Exaggerated generalization

Lately, Binance, the world’s largest cryptocurrency exchange, revealed that it has been adding more than 250,000 active users on a daily basis, and were forced to stop adding new users temporarily as a result. Coinbase and Bitstamp have also been adding more than 100,000 users per day and at the time of reporting, Coinbase has close to 20 mln users.

In early December, Bitstamp Co-founder and CEO Nejc Kodrič stated:

“Please understand that we currently have over 100,000 new accounts opened daily. It is challenging to cope with such surge. We are expanding our capacity to onboard clients faster, but this takes a bit of time.”

Hence, 618 Bitcoin users, is nowhere sufficient to create generalizations about the entire global Bitcoin and cryptocurrency market.

But, it is important to acknowledge that a small portion of Bitcoin investors are still trading the cryptocurrency with debt to this date, despite the advice of experts and analysts to refrain from doing so.

Only invest amount that can be lost

In June, Bitcoin and security expert Andreas Antonopoulos strongly emphasized that he only invests an amount in cryptocurrencies that he is willing to lose, given the significant risk involved in cryptocurrency trading. While the risk of investing in Bitcoin is lower than others given the size of its market, the risk for other cryptocurrencies in the global market still remains substantially high.

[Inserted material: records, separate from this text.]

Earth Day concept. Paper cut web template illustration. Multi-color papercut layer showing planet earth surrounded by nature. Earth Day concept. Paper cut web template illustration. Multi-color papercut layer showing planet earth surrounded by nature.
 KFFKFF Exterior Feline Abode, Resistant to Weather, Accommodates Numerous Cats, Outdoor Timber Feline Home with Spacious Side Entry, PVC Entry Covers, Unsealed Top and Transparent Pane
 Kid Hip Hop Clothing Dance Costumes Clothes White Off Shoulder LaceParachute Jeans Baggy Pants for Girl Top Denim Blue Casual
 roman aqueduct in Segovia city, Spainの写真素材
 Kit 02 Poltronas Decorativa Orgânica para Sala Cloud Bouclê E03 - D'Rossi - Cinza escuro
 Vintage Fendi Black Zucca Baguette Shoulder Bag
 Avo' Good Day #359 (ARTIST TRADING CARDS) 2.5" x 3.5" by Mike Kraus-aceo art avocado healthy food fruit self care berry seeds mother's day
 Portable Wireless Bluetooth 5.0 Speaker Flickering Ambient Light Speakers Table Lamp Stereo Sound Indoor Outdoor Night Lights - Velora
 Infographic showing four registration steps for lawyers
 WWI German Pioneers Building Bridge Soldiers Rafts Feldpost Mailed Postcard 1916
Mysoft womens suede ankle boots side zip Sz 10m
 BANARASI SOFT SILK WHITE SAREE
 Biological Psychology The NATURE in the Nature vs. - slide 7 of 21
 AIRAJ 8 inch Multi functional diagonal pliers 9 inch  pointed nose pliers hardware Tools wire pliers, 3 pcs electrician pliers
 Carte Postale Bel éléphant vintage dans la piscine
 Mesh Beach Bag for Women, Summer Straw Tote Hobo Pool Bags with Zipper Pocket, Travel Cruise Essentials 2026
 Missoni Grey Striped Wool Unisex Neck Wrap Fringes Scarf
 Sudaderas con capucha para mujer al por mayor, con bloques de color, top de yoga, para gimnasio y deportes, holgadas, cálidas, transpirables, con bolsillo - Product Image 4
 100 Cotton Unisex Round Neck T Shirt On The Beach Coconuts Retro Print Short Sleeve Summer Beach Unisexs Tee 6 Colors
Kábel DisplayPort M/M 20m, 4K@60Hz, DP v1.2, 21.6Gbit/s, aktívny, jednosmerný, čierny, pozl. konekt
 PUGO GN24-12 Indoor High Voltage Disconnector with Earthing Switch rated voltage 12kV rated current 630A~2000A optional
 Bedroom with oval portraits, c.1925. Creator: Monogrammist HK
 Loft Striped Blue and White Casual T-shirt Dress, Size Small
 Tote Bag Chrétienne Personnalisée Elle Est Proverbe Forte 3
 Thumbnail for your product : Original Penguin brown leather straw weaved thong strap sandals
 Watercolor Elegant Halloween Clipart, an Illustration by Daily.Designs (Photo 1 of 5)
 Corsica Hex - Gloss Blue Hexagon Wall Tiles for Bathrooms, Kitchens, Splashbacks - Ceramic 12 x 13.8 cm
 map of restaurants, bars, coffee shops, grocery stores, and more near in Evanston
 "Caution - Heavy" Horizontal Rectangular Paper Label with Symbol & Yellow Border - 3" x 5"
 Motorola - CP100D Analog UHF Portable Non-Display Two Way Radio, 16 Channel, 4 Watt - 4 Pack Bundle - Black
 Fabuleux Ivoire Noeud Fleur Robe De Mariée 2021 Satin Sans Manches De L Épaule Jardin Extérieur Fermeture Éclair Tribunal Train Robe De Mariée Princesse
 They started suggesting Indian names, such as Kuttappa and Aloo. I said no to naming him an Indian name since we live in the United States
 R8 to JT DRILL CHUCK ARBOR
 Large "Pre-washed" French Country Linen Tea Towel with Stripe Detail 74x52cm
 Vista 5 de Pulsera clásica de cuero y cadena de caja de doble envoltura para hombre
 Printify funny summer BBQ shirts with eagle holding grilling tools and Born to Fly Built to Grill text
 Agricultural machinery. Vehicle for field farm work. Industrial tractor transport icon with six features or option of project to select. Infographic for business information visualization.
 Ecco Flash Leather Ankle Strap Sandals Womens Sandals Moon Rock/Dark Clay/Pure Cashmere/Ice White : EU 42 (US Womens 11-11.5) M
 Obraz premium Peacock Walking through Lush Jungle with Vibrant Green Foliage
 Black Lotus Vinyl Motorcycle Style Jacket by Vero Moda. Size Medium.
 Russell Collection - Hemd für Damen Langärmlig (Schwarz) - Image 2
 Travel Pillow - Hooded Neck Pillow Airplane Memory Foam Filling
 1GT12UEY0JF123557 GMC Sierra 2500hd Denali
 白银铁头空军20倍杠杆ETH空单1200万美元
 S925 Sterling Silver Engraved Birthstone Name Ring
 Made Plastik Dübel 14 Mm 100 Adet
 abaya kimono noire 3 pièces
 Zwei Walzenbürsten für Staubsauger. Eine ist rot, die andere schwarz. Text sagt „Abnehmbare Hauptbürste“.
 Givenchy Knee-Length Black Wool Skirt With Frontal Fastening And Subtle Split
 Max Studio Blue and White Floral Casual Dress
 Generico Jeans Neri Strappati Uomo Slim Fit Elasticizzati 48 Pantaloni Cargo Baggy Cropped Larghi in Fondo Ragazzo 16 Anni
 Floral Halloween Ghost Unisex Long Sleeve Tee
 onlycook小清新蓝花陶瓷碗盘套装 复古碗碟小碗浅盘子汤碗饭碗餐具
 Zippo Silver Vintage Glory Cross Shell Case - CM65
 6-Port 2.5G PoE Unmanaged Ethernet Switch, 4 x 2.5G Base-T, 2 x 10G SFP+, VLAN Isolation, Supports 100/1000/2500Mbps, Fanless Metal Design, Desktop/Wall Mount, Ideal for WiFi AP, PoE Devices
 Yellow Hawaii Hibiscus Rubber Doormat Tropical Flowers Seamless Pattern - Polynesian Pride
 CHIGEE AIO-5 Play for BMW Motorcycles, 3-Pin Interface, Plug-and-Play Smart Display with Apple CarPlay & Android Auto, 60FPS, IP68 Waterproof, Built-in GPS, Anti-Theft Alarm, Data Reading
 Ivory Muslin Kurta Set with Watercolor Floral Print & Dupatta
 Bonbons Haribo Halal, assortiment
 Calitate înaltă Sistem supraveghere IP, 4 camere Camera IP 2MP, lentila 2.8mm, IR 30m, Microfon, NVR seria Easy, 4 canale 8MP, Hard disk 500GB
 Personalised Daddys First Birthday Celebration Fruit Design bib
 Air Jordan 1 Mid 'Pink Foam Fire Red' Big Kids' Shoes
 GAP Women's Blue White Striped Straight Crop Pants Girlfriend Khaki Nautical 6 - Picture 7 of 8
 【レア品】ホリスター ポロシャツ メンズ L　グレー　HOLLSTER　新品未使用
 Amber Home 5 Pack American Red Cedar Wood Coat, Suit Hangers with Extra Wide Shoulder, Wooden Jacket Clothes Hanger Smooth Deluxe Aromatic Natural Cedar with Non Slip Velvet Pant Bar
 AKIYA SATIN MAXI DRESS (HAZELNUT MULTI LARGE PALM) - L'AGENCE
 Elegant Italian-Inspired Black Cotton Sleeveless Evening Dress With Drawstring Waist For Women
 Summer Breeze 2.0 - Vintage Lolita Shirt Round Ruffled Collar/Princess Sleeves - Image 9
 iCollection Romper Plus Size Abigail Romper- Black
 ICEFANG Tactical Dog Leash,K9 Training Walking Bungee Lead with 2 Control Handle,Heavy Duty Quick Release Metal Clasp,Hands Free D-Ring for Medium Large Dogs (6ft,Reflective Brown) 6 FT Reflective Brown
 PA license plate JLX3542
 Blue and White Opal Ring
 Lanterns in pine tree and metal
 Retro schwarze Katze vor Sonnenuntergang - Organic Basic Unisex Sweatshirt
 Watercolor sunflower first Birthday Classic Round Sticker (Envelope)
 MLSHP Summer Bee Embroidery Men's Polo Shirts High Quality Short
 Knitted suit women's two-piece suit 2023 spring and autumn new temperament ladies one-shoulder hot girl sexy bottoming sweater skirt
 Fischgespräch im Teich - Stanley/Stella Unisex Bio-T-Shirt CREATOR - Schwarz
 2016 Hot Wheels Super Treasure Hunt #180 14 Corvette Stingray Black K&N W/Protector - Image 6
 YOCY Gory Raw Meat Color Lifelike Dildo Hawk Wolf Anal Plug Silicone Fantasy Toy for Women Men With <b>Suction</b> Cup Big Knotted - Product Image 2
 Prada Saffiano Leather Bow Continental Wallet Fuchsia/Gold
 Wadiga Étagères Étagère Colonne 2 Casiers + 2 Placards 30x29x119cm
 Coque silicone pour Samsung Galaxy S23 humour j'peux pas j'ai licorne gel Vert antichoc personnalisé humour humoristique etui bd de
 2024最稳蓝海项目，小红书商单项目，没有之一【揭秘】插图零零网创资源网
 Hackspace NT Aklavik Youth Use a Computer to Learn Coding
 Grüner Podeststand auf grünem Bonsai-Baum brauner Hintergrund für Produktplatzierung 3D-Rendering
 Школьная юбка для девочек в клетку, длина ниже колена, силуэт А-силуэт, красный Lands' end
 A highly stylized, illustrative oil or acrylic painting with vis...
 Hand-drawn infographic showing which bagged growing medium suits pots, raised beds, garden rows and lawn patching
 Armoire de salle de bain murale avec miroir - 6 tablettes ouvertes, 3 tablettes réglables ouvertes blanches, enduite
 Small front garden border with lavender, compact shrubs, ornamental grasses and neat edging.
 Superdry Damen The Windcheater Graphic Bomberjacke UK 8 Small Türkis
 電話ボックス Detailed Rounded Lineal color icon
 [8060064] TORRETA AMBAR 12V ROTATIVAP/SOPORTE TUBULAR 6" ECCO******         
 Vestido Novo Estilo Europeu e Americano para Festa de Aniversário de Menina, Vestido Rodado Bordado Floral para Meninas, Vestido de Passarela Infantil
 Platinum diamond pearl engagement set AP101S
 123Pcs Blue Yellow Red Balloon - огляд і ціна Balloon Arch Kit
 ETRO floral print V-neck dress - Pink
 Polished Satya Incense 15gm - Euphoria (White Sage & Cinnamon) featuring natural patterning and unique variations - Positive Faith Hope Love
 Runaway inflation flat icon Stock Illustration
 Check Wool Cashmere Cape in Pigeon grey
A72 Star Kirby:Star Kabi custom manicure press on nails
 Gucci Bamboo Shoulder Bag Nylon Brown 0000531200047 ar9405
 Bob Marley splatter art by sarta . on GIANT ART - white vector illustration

“I own a few different crypto assets as part of a small but diversified portfolio. I only risk as much as I’m willing to lose,” said Antonopoulos.

In a presentation at Coinscrum, an event hosted by the Imperial College London, Antonopoulos also noted that he can lose all of his investments in cryptocurrencies and still have everything else because he has invested his career, intellectual capacity, and work in Bitcoin and the cryptocurrency market.

For casual investors and newcomers, it is extremely risky to obtain debt to invest in a particular asset and this is not exclusive to Bitcoin. It does not matter which asset it is, becoming in debt to invest in a particular asset or asset class is highly risky.

“My small savings that I do have are invested in Bitcoin. 100 percent [of it]. I actually have a tiny debt in US dollars that I’m still trying to pay off, so it is more than 100 percent in Bitcoin. Now, I’d like to emphasize again, that is not a recommendation to invest. Because I haven’t invested my money in Bitcoin, I invested my career, my intellectual capacity, my creativity energy, my passion, and my work in Bitcoin. The money is the least of the investment that I have made in Bitcoin and I could lose everything of it and I’d still have everything else,” Antonopoulos explained.